Work request:
When the line with "Cute Personated Official" appears below, start repeating lines exactly, and keep going through the line with "Gold Plated Basic Huggie Hoop Earring 6-Pack"; add nothing outside that span.

(Short text fragments from websites)
------------------------------------------------------------------------
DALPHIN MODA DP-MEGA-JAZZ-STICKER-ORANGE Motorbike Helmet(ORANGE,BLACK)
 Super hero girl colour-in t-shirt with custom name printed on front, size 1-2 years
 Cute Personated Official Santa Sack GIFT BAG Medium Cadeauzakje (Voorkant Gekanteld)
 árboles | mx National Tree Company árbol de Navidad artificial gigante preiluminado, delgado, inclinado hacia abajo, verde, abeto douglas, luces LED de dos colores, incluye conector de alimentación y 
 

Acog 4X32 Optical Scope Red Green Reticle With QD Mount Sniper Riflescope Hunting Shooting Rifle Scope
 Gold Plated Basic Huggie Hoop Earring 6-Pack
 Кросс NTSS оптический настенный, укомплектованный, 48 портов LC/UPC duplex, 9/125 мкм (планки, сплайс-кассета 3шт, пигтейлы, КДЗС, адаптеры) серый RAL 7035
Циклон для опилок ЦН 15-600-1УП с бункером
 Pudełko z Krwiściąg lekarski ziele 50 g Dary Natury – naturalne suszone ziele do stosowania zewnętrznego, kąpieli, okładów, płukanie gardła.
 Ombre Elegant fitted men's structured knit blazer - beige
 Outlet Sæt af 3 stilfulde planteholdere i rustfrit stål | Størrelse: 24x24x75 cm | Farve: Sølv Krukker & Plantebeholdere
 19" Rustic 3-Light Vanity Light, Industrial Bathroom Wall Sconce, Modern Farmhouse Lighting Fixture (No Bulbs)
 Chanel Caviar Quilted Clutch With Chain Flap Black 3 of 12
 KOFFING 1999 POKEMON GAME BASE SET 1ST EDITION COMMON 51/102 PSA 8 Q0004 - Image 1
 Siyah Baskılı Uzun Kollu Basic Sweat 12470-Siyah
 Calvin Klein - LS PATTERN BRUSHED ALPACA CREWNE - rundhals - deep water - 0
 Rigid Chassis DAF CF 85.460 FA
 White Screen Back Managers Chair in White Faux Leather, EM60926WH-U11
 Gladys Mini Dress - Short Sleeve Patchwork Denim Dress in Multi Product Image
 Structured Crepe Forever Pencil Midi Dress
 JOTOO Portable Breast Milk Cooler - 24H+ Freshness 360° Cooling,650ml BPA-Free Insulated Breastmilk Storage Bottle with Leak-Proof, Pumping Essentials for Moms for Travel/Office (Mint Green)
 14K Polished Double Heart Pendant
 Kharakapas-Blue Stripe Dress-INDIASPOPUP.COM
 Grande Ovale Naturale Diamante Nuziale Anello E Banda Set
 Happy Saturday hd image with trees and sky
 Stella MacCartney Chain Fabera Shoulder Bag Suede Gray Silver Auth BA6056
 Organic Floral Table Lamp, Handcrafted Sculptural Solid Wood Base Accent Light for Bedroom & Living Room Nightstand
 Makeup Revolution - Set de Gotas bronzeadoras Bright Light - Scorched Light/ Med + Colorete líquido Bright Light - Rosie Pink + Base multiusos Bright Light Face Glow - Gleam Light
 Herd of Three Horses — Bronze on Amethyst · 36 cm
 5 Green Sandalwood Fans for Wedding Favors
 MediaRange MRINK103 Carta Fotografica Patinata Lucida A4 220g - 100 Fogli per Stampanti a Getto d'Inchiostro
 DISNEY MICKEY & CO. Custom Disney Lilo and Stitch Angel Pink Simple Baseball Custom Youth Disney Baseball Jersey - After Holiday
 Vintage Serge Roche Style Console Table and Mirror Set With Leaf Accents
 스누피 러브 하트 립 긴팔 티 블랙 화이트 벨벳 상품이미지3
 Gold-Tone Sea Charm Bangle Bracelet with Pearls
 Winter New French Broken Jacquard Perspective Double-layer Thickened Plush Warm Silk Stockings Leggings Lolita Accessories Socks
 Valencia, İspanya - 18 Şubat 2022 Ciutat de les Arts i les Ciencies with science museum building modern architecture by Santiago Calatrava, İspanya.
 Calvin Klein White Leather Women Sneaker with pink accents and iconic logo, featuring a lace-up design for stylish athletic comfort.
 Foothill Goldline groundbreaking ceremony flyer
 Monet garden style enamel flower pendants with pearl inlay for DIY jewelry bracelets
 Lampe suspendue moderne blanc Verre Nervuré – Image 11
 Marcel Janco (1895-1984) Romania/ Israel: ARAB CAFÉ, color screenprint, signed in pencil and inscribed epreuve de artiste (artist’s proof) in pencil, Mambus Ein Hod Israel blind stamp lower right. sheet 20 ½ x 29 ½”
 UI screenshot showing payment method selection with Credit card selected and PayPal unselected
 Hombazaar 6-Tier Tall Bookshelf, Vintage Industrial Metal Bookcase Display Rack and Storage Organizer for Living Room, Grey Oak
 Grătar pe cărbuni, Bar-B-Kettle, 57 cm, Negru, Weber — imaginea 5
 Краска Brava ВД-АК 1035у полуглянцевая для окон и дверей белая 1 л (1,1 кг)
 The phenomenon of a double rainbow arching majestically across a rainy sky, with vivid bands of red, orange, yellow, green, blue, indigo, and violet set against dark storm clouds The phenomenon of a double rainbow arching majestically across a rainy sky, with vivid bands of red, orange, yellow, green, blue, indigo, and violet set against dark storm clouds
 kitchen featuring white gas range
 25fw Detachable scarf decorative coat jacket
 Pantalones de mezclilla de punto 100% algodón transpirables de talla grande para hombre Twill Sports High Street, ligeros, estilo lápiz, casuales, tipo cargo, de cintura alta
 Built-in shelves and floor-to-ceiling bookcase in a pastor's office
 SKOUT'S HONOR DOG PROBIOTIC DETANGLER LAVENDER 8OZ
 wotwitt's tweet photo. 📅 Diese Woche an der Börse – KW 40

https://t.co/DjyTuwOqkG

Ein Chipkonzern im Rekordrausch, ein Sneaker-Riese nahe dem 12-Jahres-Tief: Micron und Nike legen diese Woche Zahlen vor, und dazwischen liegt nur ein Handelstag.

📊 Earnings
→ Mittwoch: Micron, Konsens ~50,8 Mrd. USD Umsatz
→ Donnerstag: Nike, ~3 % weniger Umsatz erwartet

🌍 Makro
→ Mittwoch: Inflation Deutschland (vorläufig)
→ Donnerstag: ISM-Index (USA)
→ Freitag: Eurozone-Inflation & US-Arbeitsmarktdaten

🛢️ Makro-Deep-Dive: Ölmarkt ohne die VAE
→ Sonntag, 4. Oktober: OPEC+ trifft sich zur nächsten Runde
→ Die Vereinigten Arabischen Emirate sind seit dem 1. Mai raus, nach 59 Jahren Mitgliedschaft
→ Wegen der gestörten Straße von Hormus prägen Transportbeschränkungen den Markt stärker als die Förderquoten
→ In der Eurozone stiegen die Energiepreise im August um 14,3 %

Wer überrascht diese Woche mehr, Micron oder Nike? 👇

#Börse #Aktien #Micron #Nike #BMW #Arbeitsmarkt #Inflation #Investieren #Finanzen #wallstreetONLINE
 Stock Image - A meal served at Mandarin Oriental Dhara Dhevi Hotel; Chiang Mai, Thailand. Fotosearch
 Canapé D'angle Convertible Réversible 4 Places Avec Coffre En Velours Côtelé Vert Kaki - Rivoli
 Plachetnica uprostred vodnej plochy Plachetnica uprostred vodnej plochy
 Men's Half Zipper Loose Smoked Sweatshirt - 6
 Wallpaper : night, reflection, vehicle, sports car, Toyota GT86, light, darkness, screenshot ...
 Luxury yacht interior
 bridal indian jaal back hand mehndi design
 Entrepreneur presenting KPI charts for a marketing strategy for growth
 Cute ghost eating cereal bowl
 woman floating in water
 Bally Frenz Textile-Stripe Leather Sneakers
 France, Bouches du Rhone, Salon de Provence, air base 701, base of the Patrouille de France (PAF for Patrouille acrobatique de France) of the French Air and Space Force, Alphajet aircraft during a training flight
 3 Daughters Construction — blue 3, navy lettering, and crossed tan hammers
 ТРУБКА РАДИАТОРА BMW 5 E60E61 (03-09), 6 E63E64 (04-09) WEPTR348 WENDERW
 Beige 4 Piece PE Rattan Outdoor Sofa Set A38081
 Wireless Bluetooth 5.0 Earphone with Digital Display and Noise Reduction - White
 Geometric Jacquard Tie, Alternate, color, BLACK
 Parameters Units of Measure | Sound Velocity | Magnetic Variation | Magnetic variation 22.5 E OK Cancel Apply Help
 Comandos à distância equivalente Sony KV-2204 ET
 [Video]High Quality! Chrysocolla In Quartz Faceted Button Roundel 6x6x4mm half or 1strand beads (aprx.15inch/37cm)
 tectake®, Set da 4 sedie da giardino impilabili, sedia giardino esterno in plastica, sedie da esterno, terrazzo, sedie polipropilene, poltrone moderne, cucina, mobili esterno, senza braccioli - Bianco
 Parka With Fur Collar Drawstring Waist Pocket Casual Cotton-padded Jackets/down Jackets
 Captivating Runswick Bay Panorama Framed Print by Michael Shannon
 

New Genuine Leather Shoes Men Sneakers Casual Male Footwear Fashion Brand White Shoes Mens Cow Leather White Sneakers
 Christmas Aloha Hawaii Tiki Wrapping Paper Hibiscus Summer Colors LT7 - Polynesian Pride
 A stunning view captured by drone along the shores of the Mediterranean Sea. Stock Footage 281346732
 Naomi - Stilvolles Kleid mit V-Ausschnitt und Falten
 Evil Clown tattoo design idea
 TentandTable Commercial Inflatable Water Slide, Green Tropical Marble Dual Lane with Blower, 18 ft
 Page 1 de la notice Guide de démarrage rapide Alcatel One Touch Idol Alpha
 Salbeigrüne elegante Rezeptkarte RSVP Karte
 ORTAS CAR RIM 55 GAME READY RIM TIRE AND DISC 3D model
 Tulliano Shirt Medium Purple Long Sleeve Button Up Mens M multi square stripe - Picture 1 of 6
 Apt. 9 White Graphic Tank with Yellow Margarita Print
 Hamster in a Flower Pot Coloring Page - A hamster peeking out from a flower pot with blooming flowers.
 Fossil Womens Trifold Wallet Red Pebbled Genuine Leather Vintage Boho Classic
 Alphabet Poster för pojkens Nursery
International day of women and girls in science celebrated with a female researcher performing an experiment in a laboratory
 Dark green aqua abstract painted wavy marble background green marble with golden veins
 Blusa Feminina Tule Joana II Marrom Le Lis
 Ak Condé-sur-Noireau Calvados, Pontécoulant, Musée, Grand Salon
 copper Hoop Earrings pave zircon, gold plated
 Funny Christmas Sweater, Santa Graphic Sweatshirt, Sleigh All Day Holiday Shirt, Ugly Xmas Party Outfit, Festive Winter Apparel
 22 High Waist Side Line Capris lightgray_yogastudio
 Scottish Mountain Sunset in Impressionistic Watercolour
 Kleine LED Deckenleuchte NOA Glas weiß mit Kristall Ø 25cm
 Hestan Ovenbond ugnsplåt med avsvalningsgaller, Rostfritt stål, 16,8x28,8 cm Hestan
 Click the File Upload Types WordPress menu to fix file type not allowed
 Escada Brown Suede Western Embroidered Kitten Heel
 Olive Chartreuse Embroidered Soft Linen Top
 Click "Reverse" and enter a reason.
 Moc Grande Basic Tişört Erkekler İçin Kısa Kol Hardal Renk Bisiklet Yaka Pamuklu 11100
------------------------------------------------------------------------
Answer to the problem:
 Cute Personated Official Santa Sack GIFT BAG Medium Cadeauzakje (Voorkant Gekanteld)
 árboles | mx National Tree Company árbol de Navidad artificial gigante preiluminado, delgado, inclinado hacia abajo, verde, abeto douglas, luces LED de dos colores, incluye conector de alimentación y 
 

Acog 4X32 Optical Scope Red Green Reticle With QD Mount Sniper Riflescope Hunting Shooting Rifle Scope
 Gold Plated Basic Huggie Hoop Earring 6-Pack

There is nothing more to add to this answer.